Incluso la ministra en retiro Olga Sánchez Cordero lo admite a su manera: será la suya una tarea “tremendamente complicada” al frente de la Secretaría de Gobernación y los cambios prometidos durante la campaña, muy difíciles de cumplir. La práctica real del gobierno es muy distinta a los discursos y promesas de un candidato. Demasiadas ofertas se pusieron sobre la mesa, pero varias de ellas simplemente no será posible que aterricen.
Es fácil dejar Los Pinos como casa-habitación para que Andrés Manuel López Obrador busque vivir en Palacio Nacional o en una casa del centro histórico. Seguro podrá conseguir legislación para quitar las pensiones multimillonarias de los expresidentes. El empeño en echar atrás la Reforma Educativa fructificará de la mano de los maestros sindicalizados. Saldrá suficiente presupuesto para duplicar ayuda a los adultos mayores. Está lista ya la amnistía para pobres campesinos obligados a sembrar amapola y marihuana.
Doña Olga tiene lista una forma de aplicar “justicia transicional para la pacificación del país” privilegiando a las víctimas, sus derechos de acceso a la verdad, a la reparación del daño y a la no repetición de abusos. Eso y mucho más: adiós a los gasolinazos, construcción de refinerías, no petición de créditos, apoyo total a migrantes.

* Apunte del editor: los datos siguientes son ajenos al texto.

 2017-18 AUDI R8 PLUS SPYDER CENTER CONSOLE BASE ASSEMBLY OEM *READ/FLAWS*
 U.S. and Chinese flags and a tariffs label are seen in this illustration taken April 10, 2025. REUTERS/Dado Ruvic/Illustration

Pero insistir en desaparecer al Estado Mayor Presidencial que se encarga, ni más ni menos, de la seguridad del Primer Mandatario del país, suena a obcecación sin sentido de los riesgos. La tesis de AMLO es voluntarista, apelación a la moral: “quien lucha por la justicia nada tiene que temer; sólo alguien que tiene miedo, porque hizo algo malo, necesita tanta escolta”.
A su vez, el Estado Mayor alega que tiene, entre sus funciones, que proteger y cuidar a la familia presidencial, a los secretarios de Estado, a dignatarios extranjeros que visitan México; su labor implica el resguardo de la representación de la república, del Estado y, por tanto, de la estabilidad y seguridad nacionales. También sirven de escolta a expresidentes.

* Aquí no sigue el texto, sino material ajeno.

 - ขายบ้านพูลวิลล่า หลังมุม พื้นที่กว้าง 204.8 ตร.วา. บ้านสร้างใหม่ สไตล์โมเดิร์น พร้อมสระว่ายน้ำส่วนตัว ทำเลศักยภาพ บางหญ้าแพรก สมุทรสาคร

También parece una simplificación, en blanco y negro, decir que el Centro de Investigación y Seguridad Nacional (Cisen), es la cueva del espionaje contra los ciudadanos, los periodistas y los opositores al sistema. Por supuesto que lo ha sido, pero cumple o debiera cumplir tareas de prevención de amenazas a la seguridad nacional, de anticipación de conflictos, de identificación de focos rojos que indiquen peligros para la gobernabilidad.
A no ser que a AMLO se le haya olvidado decir que esas tareas las cumplirá otro organismo. Alguien tendrá que seguir haciendo la tarea. Sería terrible que lo hagan las viejas policías federales o estatales corruptas, las que han permitido, por omisión o complicidad, el avance brutal de los delincuentes por encima de las instituciones y las autoridades constituidas. O que la inteligencia quede solamente en manos de los militares o de los marinos.
Son dos temas ligados, porque desaparecer al Estado Mayor presidencial implicaría despedir a la Sección Segunda, precisamente la encargada del espionaje institucional y el seguimiento y anticipación a los riesgos para la seguridad.
Si el Cisen se enfocó en años recientes a espiar a supuestos “enemigos” internos, hay que reencauzar a sus sofisticados equipos, a sus expertos en intervención telefónica y de mensajes en las redes para servicio de un buen gobierno. Si desaparecen al Cisen, otros lo suplantarán, dentro y fuera de México.